You have a tidy mind, @Gilbert Green !  But face up to it, GRRM's mind is not near so tidy, and he has a lot of time for puzzles. (If you were writing them, the books would much simpler and shorter. And finished.)

See? It gets interesting when you get past 'not relevant' and start thinking about things. Lancel has even more parallels to Jaime than Peck does.
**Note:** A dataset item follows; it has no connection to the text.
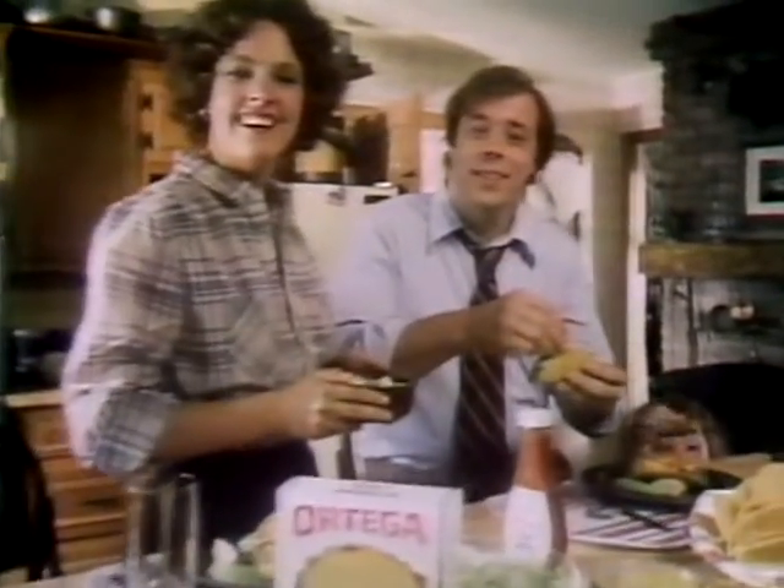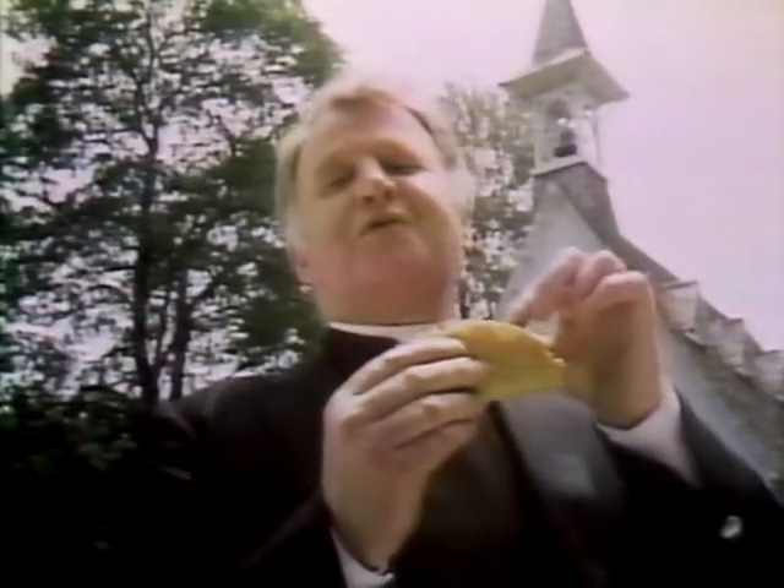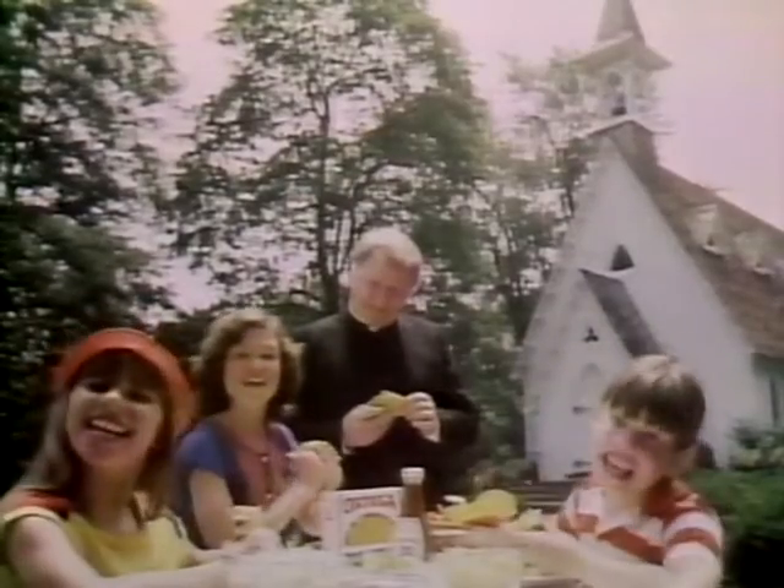What's the most fun about Ortega Tacos? Making them! Eating them! Creating them! Eating them!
Including abandoning his sinful 'wife' for a life of purity.

 

@Seams Your comment about sexual violence got me thinking about possible parallels to Pia.   Two that come to mind are Gilly and Jeyne Poole.  All were essentially held prisoner and subjected to sexual abuse.  All were rescued by major characters.  All are in or just left extended relationships.  And while the future is uncertain, things are currently looking up for them.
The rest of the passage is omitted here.